Self-service is no longer optional.

In the past, if you had self-service, it was a cost-cutting measure. It was a way to ensure that you could reserve your most difficult questions for your contact center agents and keep the repetitive, simple answers on a support site or corporate website. Don’t waste valuable agent time answering that call when that content can live on your website.

Now, the conversation has shifted. Trust me – or anyone who has had to spend time on the phone with a contact center agent to change a password. You don’t want to waste your agents’ time, but more importantly, you don’t want to waste your customers’ time. Your customers now expect more from their experience. One survey confirmed that 2 out of 3 customers preferred self-service over speaking to a company representative and 9 out of 10 would use a knowledge base if it met their needs.

A self-service experience that doesn’t have the right content or poorly understands customers’ needs is the same as a poorly trained customer service rep. Your customers expect efficient and personalized answers on your website, community, portal, wherever the answer they need is. Self-service is no longer a cost-cutting measure; it’s a way to increase engagement with customers and generate revenue.

How does self-service generate revenue? Every time you interact with customers, it’s part of their overall customer experience. And brands that have invested in these experiences generate more revenue, have higher retention rates and more. According to Bain and Company, these organizations see their revenues rise four to eight percent above the market. To get there, organizations need to take a look at their self-service experience.

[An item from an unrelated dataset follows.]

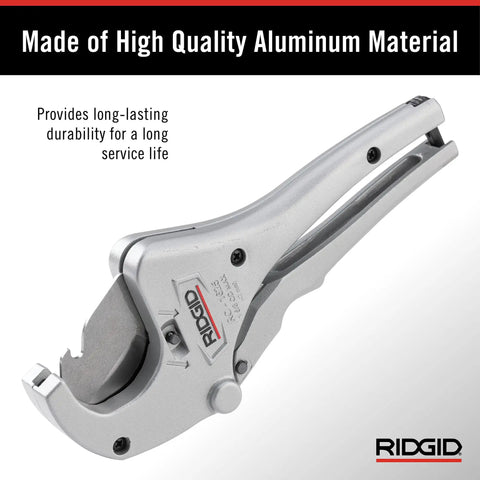 Aluminum Ratchet Action Pipe And Tubing Cutter For Plastic PVC CPVC PP PEX PE And Rubber Hose 1/8 To 1-5/8 Inch With Replaceable X-CEL Quick Change Blade Burr Free Cut And Ergonomic Grips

What are the characteristics of a good customer experience?
    • Effortless. The best predictor of self-service success is how much effort it requires of the customer. Great self-service connects the customer with the answer they need fast, with the minimal number of clicks and steps required. The very best self-service requires almost zero effort, because it is delivered seamlessly in the course of the customer’s normal activities.
    • Everywhere. Successful self-service is everywhere your customer is. It is never more than a single-click away, each and every moment of the customer experience. It is delivered seamlessly through your product/app, on your sites, communities and portals and on every device your customers use.
    • Personal. Great self-service is only possible when each customer is treated as the individual they are. Effortless self-service automatically takes into account all of the information your organization has about them, such as: profile info and geolocation, products and services purchased, support entitlements and history as well as community and website activity.
    • Proactive. Recommending help to customers at key moments in their journey is essential. Effortless self-service proactively delivers helpful knowledge automatically at key moments in the customer journey, such as when they use specific features of your product, view certain pages on your community or site, or start to create a new support case or ticket. Doing this at scale requires artificial intelligence and machine learning to understand and automatically apply the insights from your usage data.

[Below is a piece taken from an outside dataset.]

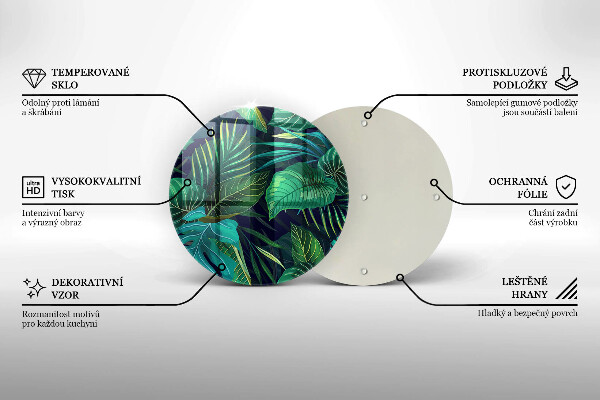 Protection plaque induction Illustration de feuilles de jungle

When I present this in front of some of my fellow customer service leaders, I get a lot of pushback. Yes, but what about the baby boomers? Surely, they prefer to make calls? I’m sorry to say, but the data does not support that argument. Everyone – no matter the generation – uses Google, Amazon, social media and this is raising the bar for better digital experiences.

Plus – do these generational divides really matter? I recently watched a TED Talk from Leah Georges “Do Generational Stereotypes Hold Us Back?” and I am convinced that we’re doing our customers and employees a disservice if we assume that their preferences are overwhelmingly determined by their age. Let’s not assume anything about our customers and use the data that we do have from their individual behavior, preferences and activity to guide our decision-making for the support and self-service we provide.

For me, I have been evangelizing self-service for close to 20 years now. We’re just now starting to see some organizations really lead with their customer experience (and a huge part of that is self-service) as their main differentiator. These organizations are just going to leave the rest in the dust because they view their self-service for what it is: a value-add, not a cost-subtract. Where does your organization land?

I recently discussed this topic and participated in a webinar with Execs in the Know titled “Building an Intelligent Self-Service Journey Map” where we helped organizations identify the steps to take to lead with self-service. We also shared a blueprint for self-service journey maps as a follow-up and it’s a great way to start thinking about the self-service journey of your customers. You can download it here.

In summary, as you start on your own self-service transformation, you need to shift your mindset about self-service as a tactic to save on operating costs to a strategy that can play a key role in your customer experience…and generate more revenue for your organization. Don’t let outdated ideas about customer expectations get in the way of that!